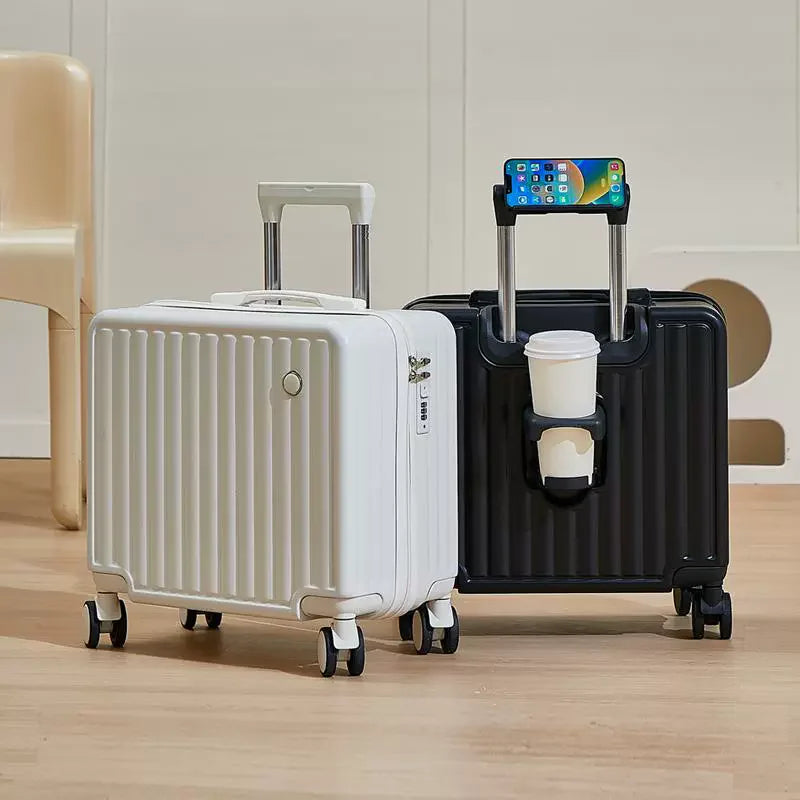18-Inch Luggage 2025 Fashion Small Luggage Lightweight Travel Trolley Case with Combination Lock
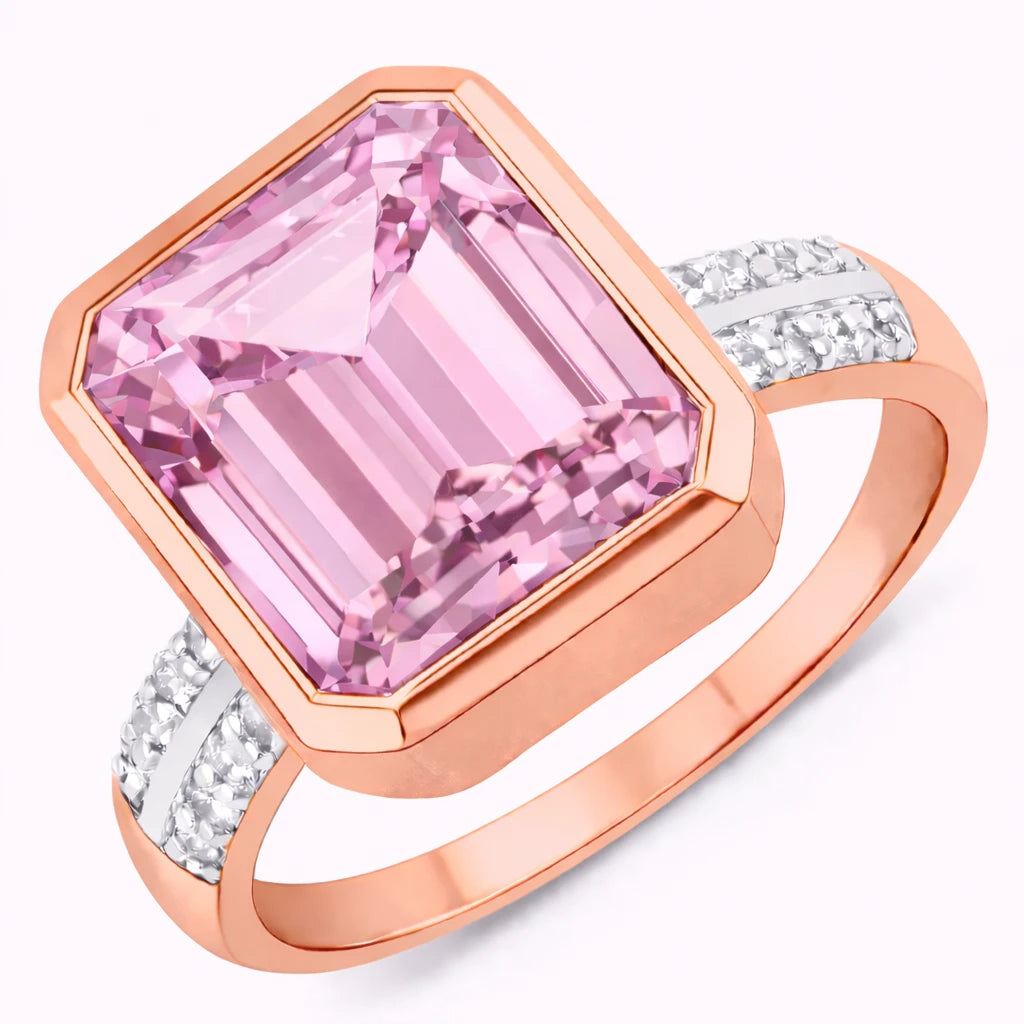 Statement Emerald Cut Diamond Accent Ring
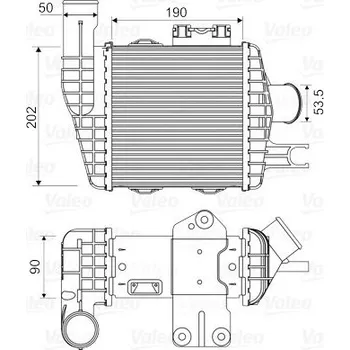 Chladič motoru Chladič turba VALEO 818349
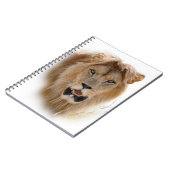 Carnet Portrait de lion (Côté gauche)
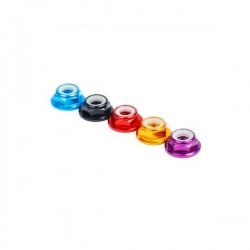M5 Hex Self-Locking Low-Profile Nut (4Pcs)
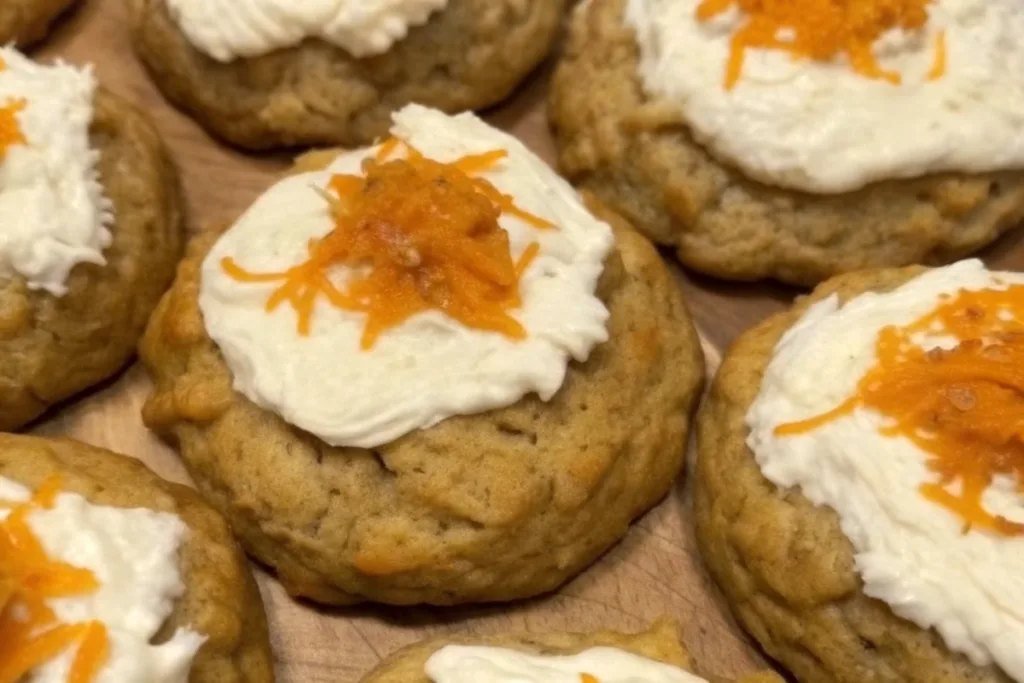 Fire Spiced Carrot Cake Cookies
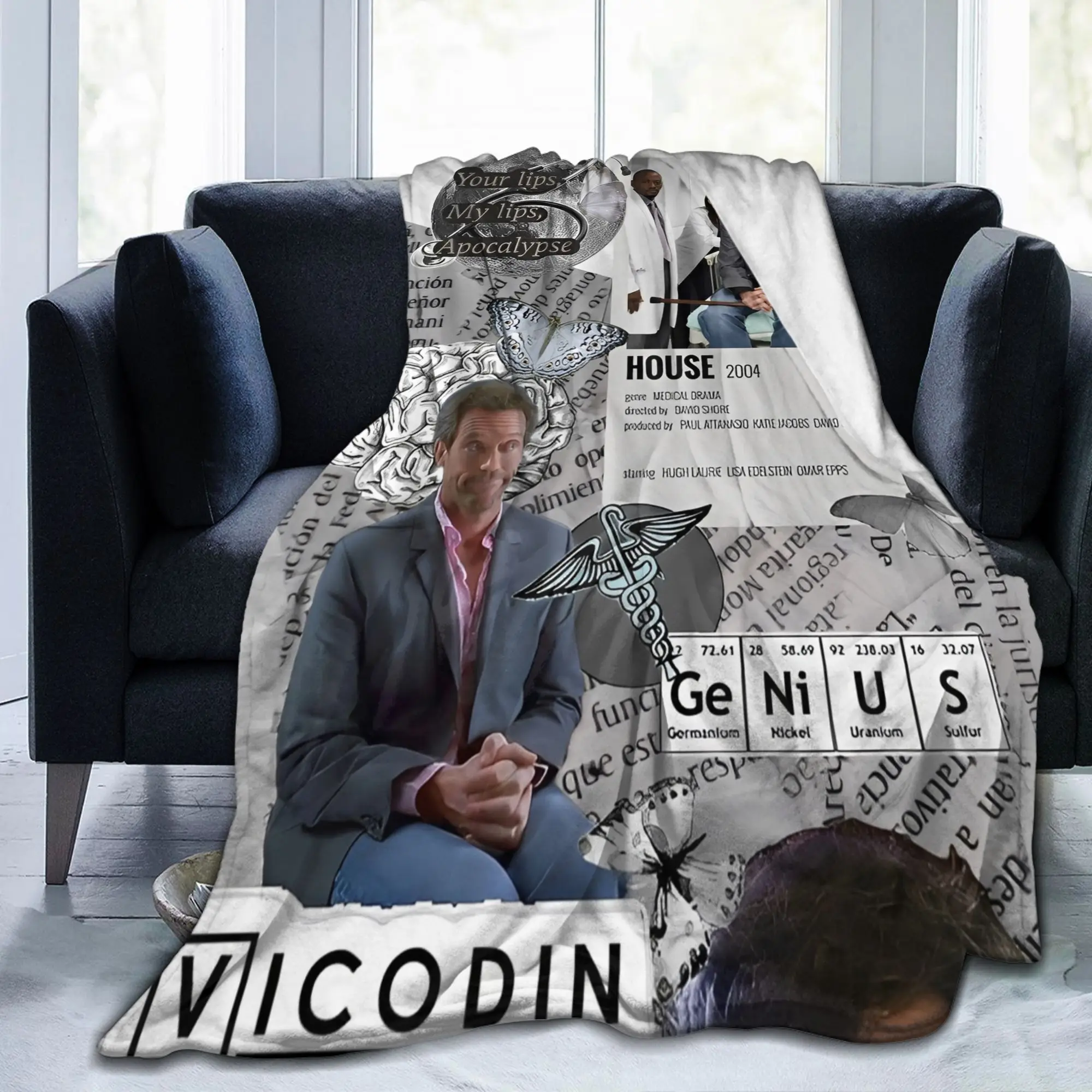 House M.D. Dr Gregory Blanket Everybody Lies Flannel Throw Blanket Bedspreads Decoration Lightweight Breathable Quilt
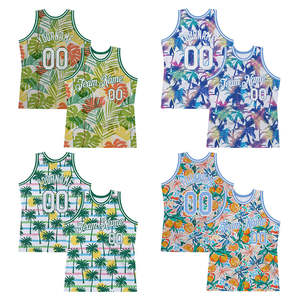 Camiseta de Baloncesto con Estampado Hawaiano para Hombre y Mujer, Adulto y Juvenil, Deportiva, Sin Mangas, Verano, Atlética, Informal, Urbana, de Equipo - Product Image 2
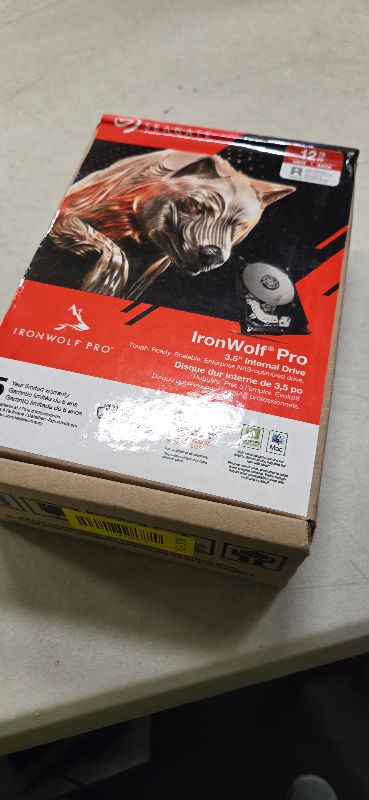 Photo 1 of Seagate IronWolf, Pro 12TB, Enterprise Internal NAS HDD – CMR 3.5 Inch, SATA 6GB/s, 7,200 RPM, 256 MB Cache for RAID NAS - Frustration Free Packaging (ST12000NTZ01)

**********

WHAT NEEDS TO BE DONE:
Print exactly the lines from the line with "Carnet Portrait de lion (Côté gauche)" through the end of the data, both ends included, and print no pictures.

FINAL ANSWER:
 Carnet Portrait de lion (Côté gauche)
M5 Hex Self-Locking Low-Profile Nut (4Pcs)
 Fire Spiced Carrot Cake Cookies
 House M.D. Dr Gregory Blanket Everybody Lies Flannel Throw Blanket Bedspreads Decoration Lightweight Breathable Quilt
 Camiseta de Baloncesto con Estampado Hawaiano para Hombre y Mujer, Adulto y Juvenil, Deportiva, Sin Mangas, Verano, Atlética, Informal, Urbana, de Equipo - Product Image 2
 Photo 1 of Seagate IronWolf, Pro 12TB, Enterprise Internal NAS HDD – CMR 3.5 Inch, SATA 6GB/s, 7,200 RPM, 256 MB Cache for RAID NAS - Frustration Free Packaging (ST12000NTZ01)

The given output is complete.